Instructions for the task: Repeat exactly the line that contains "2019 Hyundai Elantra GT Base" and every line after it, down to the last line of the entries below. Do not include pictures.

Captioned web image data:
<<<<

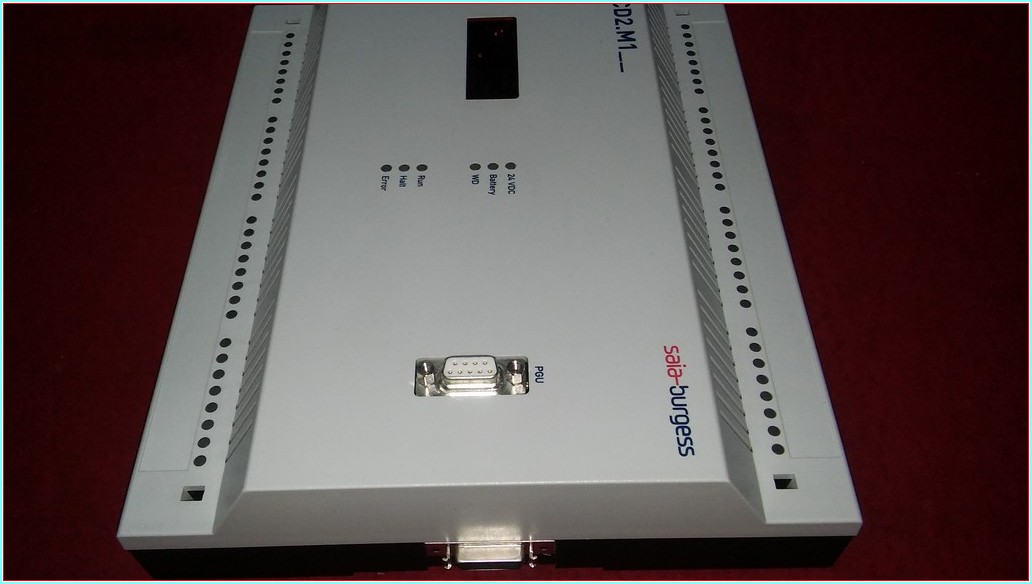 SAİA-BURGESS PCD2.M120 KONTROL CİHAZI ANA İŞLEMCİ BİRİMİNE 24VDC 8 MODÜLLERİ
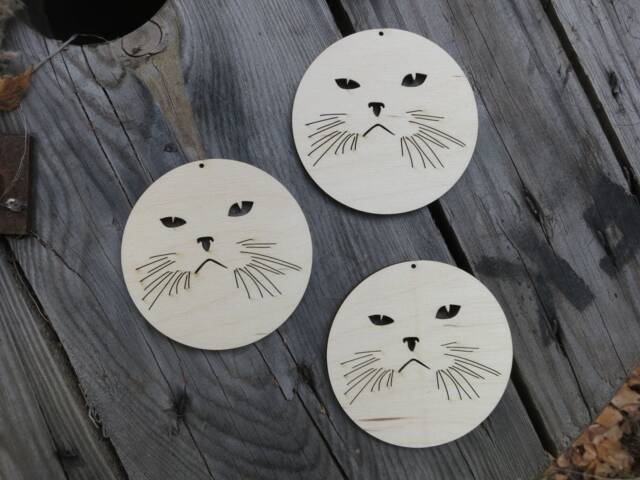 Birch Wood Cat Face Christmas Ornament Minimalist Woodland Decor - image 1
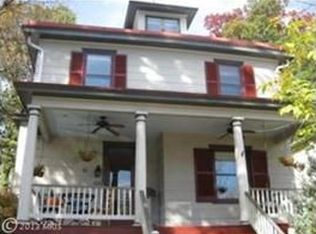 10 Montgomery Ave, Takoma Park, MD 20912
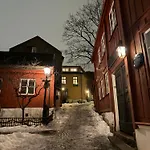 Central, Charming, 1800s
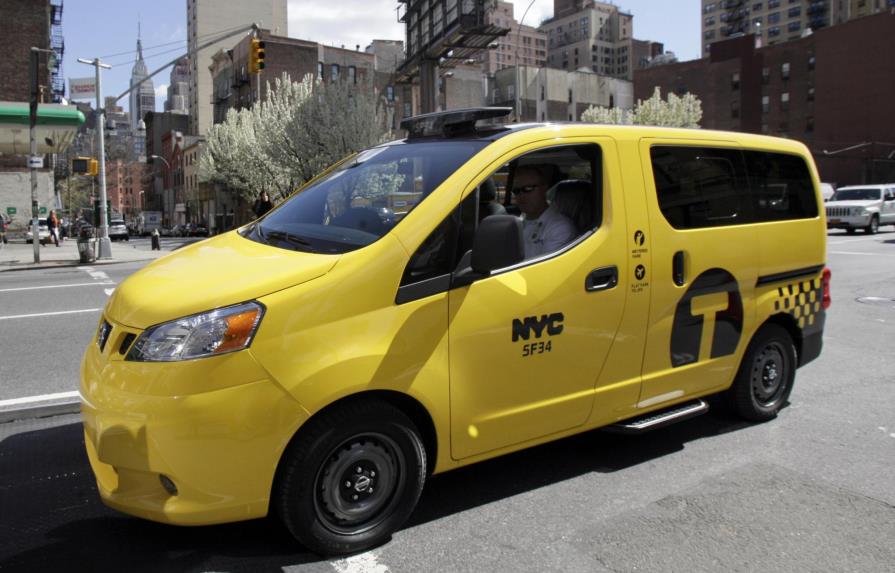 El estándar del taxi de Nueva York llama la atención porque está equipado para cargar móviles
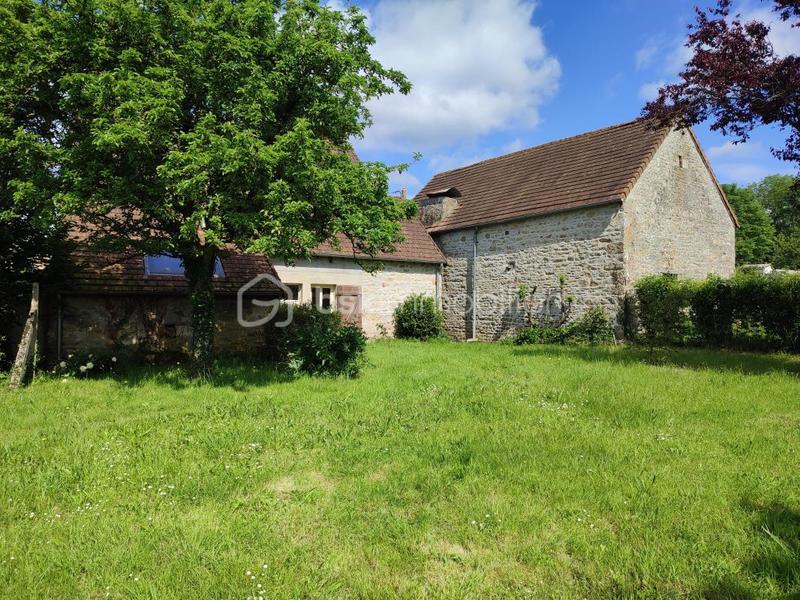 Maison ancienne - 84 m² - 3 pièces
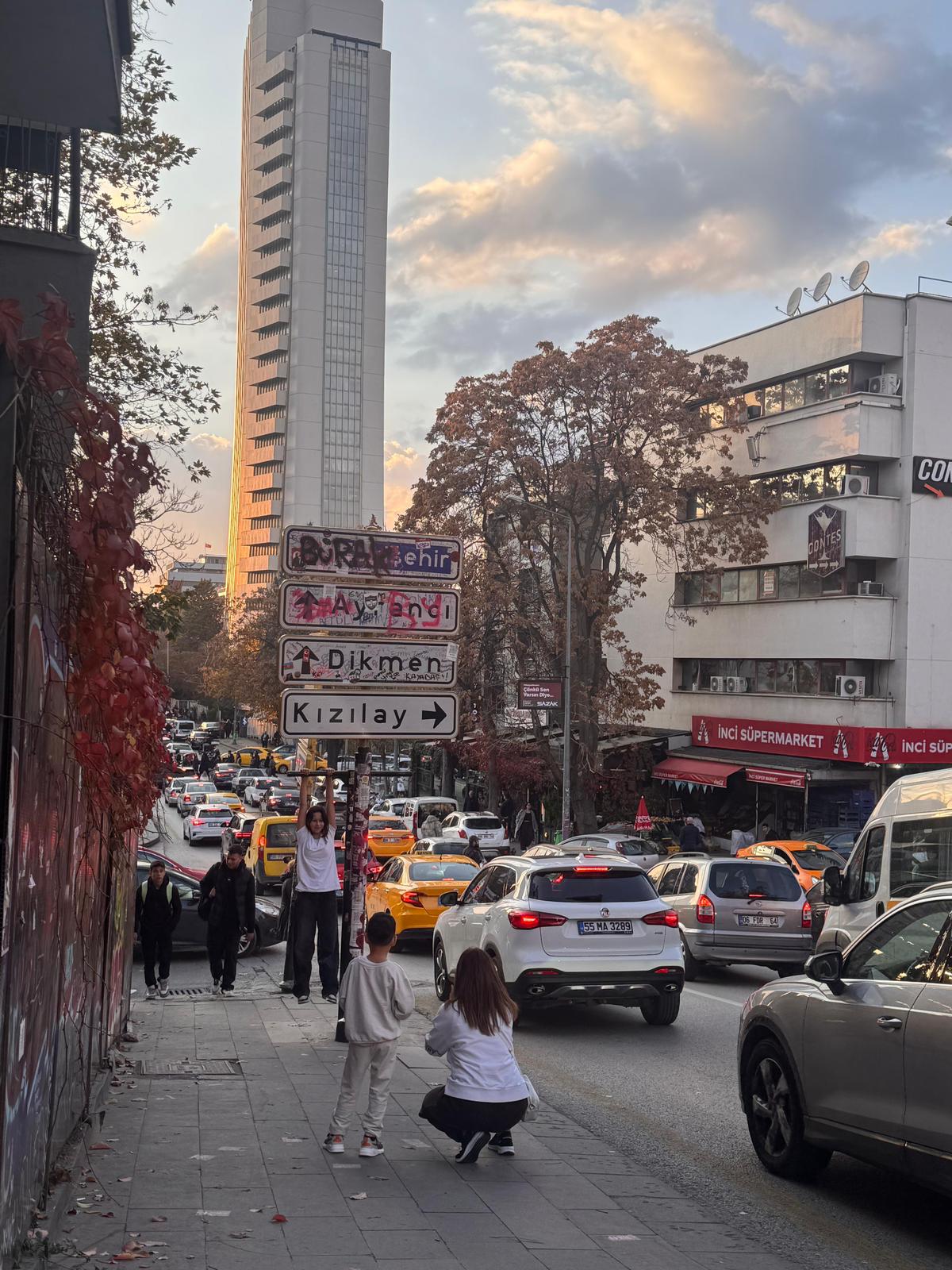 K I Z I L A Y T A B E L A S I 4 U N C U K E Z Y E N I L E N D I 1033219 306609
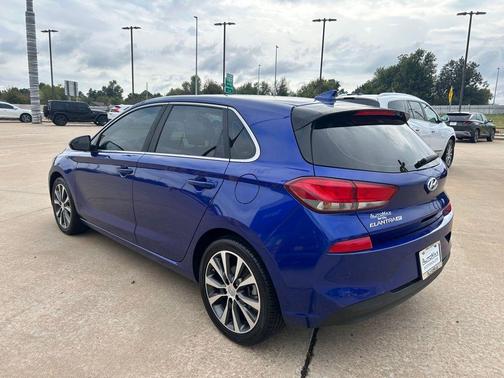 2019 Hyundai Elantra GT Base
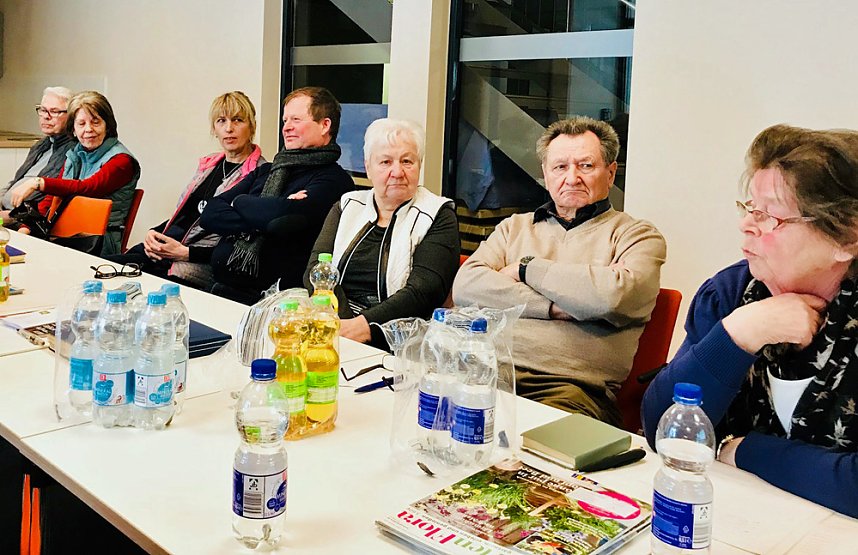 B&uuml;rgermeisterkandidatin bei Kleing&auml;rtnern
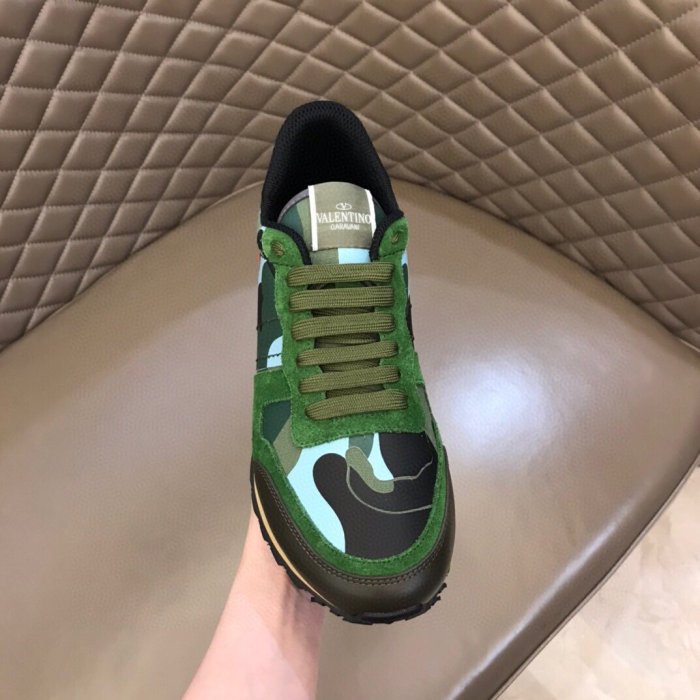 Valentino Men Shoes Fashion Design Luxury Brand ROCKRUNNER CAMOUFLAGE LAMINATED STUDDED SNEAKER with Original Box
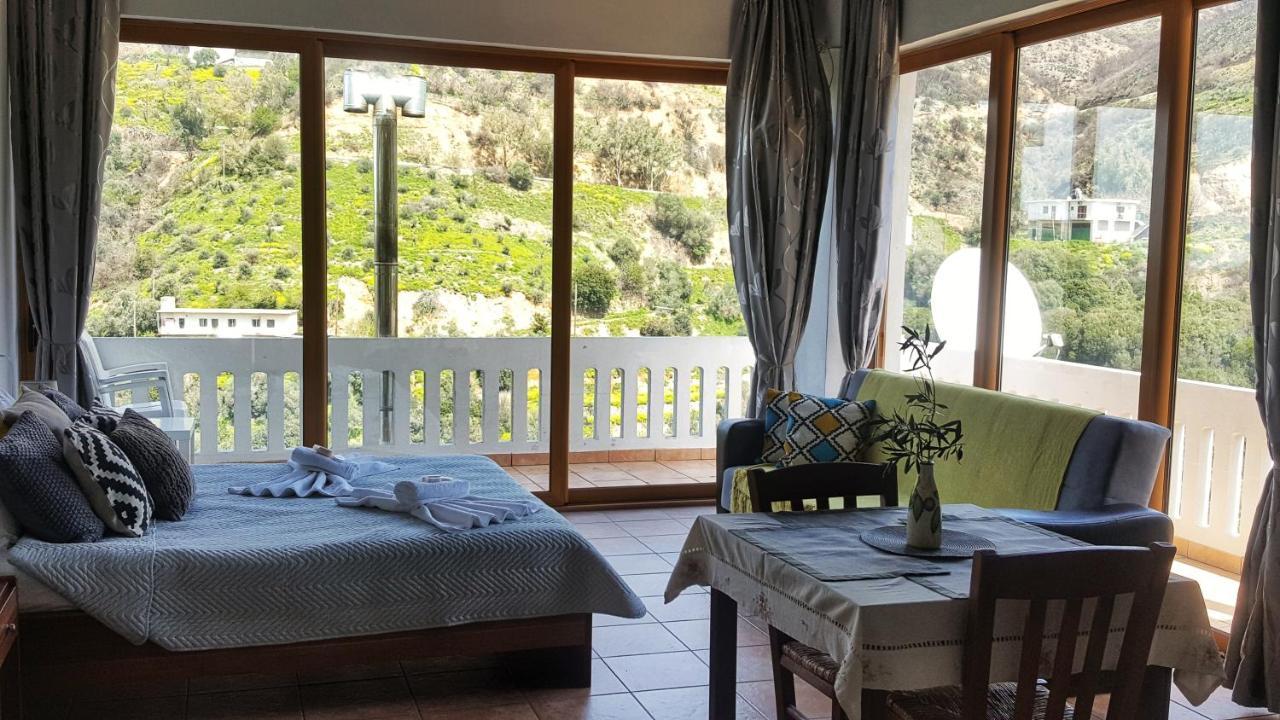 Lefteris Rooms Kámbos Esterno foto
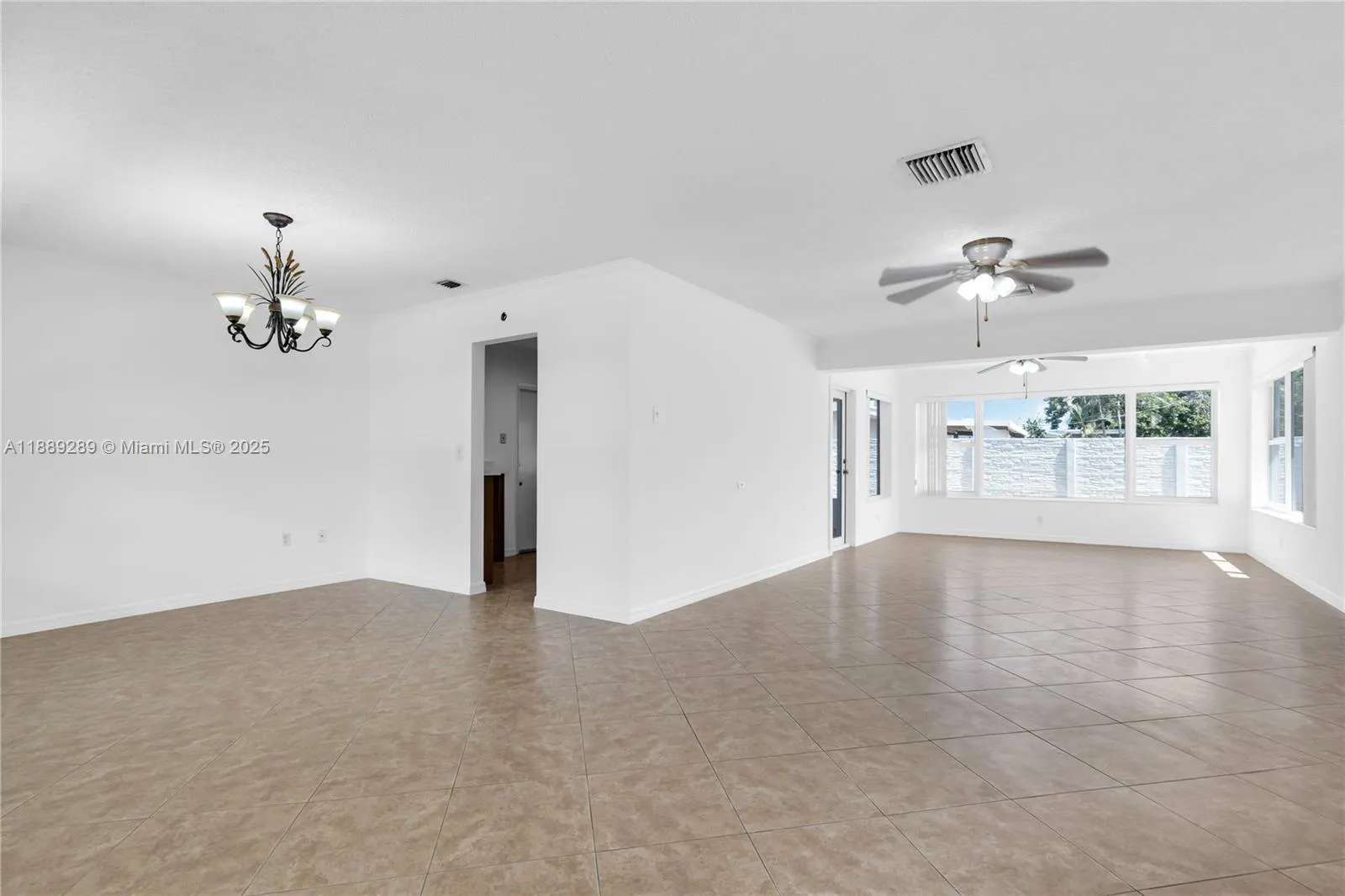 1621 NW 85th Way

>>>>

Task result:
 2019 Hyundai Elantra GT Base
 B&uuml;rgermeisterkandidatin bei Kleing&auml;rtnern
 Valentino Men Shoes Fashion Design Luxury Brand ROCKRUNNER CAMOUFLAGE LAMINATED STUDDED SNEAKER with Original Box
 Lefteris Rooms Kámbos Esterno foto
 1621 NW 85th Way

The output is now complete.